Alternate Stand - Battlement Creek Fire Memorial, Parachute Rest Area
During the winter of 1997, the Parachute/Battlement Mesa Volunteer Fire Department decided to develop a memorial for those that were killed during the Battlement Creek Fire. The project started by placing memorial markers at the location where the pilot and firefighters died. Not knowing whether the persons that died were religious, it was decided that drip torch cans would make the perfect markers for those that died while performing the burnout operation and a simple flag pole and plaque at the location of the T56 air tanker crash would be appropriate. A flag pole was also erected at the site of the burnover to mark the site and make the location more visible to those who could only view the area from the county road below.
During the summer of 2000, it was decided to have a more formal memorial placed where more people could learn what happened during the summer of 1976. Working with the State of Colorado Department of Transportation and the town of Parachute, permission was granted to erect the memorial at the Parachute Rest Area. Working with a company in Arizona, the memorial sign board was created and built using both word and drawings. An area artist developed the concept of the memorial using plants native to the area of the burn with a snag from the fire area serving as the centerpiece. Tools were placed at the memorial similar to what would have been used at the time as well as the propeller hub that was recovered at the base of the impact slope in dense brush.

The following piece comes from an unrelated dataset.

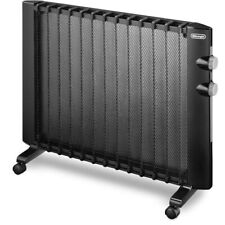 Radiateur panneaux rayonnants d'occasion  France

The families of those that were killed were contacted early into the project. They helped with information regarding their loved ones prior to the events of July 1976. Three families were able to attend the memorial; two of the three families were escorted up to the actual sites. With this memorial, it is hoped that those that were killed on those two days will never be forgotten and for years to come, will serve as reminder to those that visit this memorial to be ever vigilant in their training and watchful in their situational awareness as firefighters continue to fight wildland fires into the future.